Occurrence and Composition
Rutile is a common accessory mineral in intermediate to mafic igneous rocks, and in many metamorphic rocks. It has composition TiO2.

Keys to identifying rutile are its strong yellowish to reddish brown color, high relief, and extreme birefringence.

Important properties
 ·Color - Usually red, red-brown or yellowish-brown. May be pleochroic.
 ·Interference colors - Interference colors may not show due to the strong color of the mineral. When present, they are pastels of very high order.
 ·Relief - very high.
 ·Interference figure - uniaxial (+).

Similar minerals
 ·There are few common minerals that look like rutile.
 ·Hematite generally has a deeper red color and a more irregular, platey, habit.

Rutile in a Whiteschist from the Dora Maira Massif, near Parigi, Italy

The views above show several large grains of brownish rutile (PP). The rutile is surrounded by mostly quartz (on the left and bottom of the photo) and several flakes of clear mica on the right. Rutile has very high birefringence. Just a hint of high order pastel interference colors can be seen here (XP).

Although not distinctive in these photos, kyanite is present just above the two large rutile grains, and also to the left of the smaller grain near the center of the field of view. The kyanite has slightly higher relief than surrounding minerals, but otherwise is hard to pick out. It is clear (PP) and shows first order gray interference colors (XP).

The field of view is 1.5 mm across.

Quartz with Rutile and Muscovite

Most of this view shows quartz. It is characterized by low relief, undulatory extinction and low order interference colors. The brownish, high-relief grains (PP) are rutile. Rutile has very high birefringence but the color of the grain is so strong that its interference colors don't show (XP). A number of small flakes of muscovite are also present. They cannot be distinguished from the quartz in the PP view, but in XP they are marked by their flakey shape and high second order interference colors.

This sample comes from New Ogilby, California. The field of view is about 1.5 mm.

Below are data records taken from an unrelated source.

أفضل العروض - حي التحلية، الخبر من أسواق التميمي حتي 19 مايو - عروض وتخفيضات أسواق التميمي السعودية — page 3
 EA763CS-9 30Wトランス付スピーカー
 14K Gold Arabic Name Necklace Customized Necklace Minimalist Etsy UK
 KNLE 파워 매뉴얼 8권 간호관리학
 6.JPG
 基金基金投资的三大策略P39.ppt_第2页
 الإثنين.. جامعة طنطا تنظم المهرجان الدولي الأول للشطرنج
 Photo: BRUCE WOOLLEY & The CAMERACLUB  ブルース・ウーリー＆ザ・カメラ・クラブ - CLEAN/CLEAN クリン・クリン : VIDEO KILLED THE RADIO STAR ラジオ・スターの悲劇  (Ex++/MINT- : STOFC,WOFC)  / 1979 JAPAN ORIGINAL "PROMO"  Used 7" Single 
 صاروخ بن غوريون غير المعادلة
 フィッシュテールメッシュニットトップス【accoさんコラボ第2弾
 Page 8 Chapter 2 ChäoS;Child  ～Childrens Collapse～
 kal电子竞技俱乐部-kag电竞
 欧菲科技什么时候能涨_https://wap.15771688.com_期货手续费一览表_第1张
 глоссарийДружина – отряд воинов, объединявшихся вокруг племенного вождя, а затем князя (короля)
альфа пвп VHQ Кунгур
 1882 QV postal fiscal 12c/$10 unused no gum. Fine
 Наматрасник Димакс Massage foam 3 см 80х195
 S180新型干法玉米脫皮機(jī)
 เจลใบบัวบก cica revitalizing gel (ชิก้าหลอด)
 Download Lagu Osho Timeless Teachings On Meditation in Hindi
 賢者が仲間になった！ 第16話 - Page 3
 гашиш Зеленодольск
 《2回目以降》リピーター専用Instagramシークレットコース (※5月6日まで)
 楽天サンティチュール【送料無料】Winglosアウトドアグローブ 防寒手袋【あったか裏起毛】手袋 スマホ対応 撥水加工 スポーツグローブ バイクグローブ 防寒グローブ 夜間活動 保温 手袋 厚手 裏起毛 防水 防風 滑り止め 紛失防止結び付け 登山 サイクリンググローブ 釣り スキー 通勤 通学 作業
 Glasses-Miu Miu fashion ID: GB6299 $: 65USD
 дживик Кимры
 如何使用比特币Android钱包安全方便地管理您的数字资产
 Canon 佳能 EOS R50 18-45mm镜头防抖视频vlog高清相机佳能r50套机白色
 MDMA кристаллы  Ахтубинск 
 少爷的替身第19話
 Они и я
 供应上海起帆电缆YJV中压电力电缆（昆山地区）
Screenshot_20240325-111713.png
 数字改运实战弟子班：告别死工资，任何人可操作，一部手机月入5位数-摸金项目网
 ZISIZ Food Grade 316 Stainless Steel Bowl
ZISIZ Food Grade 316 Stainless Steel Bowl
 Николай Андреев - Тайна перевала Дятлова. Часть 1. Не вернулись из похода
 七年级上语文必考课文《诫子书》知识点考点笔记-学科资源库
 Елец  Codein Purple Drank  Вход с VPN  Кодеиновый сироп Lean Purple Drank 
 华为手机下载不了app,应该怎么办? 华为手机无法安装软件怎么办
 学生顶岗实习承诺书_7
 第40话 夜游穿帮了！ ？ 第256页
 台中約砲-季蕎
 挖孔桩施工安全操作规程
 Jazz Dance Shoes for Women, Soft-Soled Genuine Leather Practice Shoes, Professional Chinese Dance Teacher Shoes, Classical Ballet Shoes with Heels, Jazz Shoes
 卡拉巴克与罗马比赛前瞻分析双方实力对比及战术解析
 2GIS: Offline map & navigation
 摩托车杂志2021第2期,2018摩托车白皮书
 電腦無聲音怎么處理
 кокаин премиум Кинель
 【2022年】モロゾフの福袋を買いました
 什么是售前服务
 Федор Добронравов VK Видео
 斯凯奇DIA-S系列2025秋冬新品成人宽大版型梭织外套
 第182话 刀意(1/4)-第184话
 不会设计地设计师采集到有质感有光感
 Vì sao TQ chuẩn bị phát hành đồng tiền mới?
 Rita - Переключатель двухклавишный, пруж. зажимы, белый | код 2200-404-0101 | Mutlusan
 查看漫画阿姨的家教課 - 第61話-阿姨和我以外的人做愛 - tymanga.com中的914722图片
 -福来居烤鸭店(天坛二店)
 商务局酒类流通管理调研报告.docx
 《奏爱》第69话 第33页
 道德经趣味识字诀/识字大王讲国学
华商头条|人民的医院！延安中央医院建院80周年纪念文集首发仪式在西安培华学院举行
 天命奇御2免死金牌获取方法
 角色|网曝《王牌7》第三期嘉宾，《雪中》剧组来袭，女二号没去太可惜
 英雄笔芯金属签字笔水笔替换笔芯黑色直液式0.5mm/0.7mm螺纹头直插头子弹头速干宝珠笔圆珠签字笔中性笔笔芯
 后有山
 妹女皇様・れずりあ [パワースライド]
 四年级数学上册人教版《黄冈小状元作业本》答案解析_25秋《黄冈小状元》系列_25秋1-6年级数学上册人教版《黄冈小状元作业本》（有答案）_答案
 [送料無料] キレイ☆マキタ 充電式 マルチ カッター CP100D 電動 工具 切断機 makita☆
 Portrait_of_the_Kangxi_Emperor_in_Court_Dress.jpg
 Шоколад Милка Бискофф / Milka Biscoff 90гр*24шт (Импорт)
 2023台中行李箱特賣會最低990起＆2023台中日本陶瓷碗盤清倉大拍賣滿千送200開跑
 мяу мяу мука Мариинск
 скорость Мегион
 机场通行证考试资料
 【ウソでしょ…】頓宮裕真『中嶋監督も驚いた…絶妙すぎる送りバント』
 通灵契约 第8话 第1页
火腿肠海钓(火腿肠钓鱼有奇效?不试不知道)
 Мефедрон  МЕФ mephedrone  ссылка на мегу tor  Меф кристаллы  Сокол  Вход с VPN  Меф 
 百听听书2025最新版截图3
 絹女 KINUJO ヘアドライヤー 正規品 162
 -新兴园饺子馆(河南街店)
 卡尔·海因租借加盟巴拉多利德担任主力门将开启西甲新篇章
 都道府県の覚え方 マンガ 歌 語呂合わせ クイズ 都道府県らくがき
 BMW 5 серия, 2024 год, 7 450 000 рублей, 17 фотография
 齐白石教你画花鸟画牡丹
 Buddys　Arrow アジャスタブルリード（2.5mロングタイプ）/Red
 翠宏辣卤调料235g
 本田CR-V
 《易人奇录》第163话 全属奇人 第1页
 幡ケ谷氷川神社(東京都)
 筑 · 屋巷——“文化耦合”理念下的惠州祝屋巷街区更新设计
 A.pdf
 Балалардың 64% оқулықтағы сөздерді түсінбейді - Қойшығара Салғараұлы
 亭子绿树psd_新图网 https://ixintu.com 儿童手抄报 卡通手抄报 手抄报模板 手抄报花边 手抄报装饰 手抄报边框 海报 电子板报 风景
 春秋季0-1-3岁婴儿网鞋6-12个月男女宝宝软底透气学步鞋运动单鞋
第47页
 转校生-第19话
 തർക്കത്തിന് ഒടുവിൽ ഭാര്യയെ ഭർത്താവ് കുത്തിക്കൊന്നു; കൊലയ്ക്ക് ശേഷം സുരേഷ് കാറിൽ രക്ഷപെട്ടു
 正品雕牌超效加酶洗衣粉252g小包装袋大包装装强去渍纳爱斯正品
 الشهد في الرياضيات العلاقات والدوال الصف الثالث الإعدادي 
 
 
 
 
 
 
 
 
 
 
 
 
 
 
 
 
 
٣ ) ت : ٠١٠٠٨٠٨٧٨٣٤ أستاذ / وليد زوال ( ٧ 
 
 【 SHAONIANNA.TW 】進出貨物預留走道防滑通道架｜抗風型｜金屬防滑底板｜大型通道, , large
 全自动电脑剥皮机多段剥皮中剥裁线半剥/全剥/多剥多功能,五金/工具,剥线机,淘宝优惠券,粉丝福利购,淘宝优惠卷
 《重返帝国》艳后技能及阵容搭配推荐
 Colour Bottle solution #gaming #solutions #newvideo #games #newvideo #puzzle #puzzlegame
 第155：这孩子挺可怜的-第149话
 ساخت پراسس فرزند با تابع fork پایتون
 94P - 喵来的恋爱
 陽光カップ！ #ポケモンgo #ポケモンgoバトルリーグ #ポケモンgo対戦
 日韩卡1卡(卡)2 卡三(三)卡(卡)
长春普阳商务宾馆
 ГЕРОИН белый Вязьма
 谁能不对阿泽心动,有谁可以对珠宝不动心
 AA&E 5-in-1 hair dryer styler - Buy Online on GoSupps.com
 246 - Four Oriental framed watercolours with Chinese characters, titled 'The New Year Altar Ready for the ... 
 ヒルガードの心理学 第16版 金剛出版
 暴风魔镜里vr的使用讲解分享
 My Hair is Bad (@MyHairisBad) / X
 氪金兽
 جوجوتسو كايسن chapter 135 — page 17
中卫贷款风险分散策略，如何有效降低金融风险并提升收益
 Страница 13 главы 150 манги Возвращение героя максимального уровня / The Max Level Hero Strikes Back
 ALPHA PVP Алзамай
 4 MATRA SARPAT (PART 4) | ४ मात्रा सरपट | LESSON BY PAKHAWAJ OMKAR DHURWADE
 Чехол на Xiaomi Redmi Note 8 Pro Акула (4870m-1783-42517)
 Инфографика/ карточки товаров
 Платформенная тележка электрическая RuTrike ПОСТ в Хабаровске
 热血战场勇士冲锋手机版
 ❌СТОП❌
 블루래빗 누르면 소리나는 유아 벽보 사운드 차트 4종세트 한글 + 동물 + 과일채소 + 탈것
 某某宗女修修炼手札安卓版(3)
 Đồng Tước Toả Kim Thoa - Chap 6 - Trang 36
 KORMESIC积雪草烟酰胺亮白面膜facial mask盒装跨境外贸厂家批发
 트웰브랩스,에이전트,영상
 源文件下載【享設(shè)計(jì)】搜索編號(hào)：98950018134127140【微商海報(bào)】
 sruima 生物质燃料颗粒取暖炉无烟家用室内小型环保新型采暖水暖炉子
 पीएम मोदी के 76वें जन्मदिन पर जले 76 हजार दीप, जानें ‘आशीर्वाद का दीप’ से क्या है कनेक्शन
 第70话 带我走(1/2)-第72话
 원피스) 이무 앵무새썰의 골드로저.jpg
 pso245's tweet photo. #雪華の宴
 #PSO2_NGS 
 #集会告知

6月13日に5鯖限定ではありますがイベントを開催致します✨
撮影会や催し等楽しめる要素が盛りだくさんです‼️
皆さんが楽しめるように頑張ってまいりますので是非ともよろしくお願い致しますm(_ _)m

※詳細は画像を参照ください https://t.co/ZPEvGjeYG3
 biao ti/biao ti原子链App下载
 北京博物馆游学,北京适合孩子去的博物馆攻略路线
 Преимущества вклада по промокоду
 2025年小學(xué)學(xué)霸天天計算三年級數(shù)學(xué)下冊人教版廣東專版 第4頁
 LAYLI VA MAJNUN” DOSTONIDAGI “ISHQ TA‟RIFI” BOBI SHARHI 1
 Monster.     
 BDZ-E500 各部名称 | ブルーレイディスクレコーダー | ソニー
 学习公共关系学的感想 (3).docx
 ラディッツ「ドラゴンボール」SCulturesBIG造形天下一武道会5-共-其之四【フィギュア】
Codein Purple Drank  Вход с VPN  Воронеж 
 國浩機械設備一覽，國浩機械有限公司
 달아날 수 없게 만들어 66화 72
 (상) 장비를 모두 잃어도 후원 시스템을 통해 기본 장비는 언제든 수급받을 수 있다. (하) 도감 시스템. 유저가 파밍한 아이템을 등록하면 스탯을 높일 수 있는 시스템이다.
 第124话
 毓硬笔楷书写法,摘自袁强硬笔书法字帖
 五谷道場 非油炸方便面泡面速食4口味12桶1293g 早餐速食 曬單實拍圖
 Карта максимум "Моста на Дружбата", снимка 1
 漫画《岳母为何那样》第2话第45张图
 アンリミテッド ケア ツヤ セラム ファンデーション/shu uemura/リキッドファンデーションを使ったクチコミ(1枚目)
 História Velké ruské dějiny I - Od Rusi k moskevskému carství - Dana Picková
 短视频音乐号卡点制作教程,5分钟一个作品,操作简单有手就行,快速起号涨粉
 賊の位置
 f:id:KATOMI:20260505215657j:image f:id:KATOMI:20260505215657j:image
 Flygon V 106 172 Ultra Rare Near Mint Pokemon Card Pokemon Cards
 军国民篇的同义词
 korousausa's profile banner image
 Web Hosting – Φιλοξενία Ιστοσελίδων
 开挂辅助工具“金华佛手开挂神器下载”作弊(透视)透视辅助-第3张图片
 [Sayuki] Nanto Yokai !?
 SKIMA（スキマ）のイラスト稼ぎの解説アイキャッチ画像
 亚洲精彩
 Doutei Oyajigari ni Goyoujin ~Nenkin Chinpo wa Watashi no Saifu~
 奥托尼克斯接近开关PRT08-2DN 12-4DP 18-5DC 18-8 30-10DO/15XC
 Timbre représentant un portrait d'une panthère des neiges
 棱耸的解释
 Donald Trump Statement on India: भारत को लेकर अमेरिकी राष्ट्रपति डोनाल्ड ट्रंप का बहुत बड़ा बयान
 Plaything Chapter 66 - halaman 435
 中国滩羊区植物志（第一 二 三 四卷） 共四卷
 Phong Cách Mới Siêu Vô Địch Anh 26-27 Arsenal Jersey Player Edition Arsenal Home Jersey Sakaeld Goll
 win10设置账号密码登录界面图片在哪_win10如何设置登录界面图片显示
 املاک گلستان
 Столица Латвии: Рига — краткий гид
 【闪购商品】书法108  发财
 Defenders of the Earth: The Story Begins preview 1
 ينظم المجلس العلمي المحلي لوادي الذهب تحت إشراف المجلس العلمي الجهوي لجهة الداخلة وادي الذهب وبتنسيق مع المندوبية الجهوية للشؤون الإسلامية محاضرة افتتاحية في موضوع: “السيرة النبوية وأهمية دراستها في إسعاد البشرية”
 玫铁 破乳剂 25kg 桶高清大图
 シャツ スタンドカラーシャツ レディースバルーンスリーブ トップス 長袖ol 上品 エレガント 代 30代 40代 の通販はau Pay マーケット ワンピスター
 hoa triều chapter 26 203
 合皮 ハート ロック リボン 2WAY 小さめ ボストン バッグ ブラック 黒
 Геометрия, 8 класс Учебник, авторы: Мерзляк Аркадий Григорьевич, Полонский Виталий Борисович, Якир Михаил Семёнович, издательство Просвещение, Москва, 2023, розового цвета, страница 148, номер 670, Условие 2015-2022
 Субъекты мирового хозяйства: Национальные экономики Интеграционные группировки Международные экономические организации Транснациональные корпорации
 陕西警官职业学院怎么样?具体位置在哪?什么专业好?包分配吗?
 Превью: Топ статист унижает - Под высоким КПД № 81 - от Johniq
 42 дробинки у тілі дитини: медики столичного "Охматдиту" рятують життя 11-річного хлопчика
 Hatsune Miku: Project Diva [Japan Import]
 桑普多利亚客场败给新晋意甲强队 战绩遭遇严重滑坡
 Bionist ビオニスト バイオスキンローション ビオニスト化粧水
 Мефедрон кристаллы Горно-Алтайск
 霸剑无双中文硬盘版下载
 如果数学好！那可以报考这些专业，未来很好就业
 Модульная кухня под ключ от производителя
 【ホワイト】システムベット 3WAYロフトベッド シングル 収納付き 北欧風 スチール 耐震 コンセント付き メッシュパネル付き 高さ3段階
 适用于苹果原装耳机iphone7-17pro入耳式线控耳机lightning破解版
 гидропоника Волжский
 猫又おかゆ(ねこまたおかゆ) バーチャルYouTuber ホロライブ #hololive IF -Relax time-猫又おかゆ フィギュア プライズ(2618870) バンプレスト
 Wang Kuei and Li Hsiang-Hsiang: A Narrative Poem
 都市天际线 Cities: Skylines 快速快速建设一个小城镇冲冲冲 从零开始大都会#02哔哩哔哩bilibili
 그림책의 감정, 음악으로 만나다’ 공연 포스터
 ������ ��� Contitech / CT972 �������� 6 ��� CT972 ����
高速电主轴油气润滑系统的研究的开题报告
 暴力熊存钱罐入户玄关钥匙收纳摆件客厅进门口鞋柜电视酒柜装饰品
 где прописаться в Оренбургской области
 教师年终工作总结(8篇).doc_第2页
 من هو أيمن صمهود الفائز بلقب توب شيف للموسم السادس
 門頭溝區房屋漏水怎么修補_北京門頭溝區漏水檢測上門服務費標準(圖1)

Biotite-Sillimanite Schist , from the Beartooth Mountains, Montana

The PP view shows biotite in various shades of brown, clear quartz, and light yellow brown twinned rutile.The rutile is rimmed by an opaque mineral, probably magnetite. Minor sillimanite is present as one high-relief mass near the right side, just below center. One grain of clear plagioclase is just above the largest rutile. In the XP view, the large black grain is quartz that happens to be near extinction. Biotite shows typical second order interference colors. The rutile shows no distinct interference colors because the color of the grain masks the interference colors.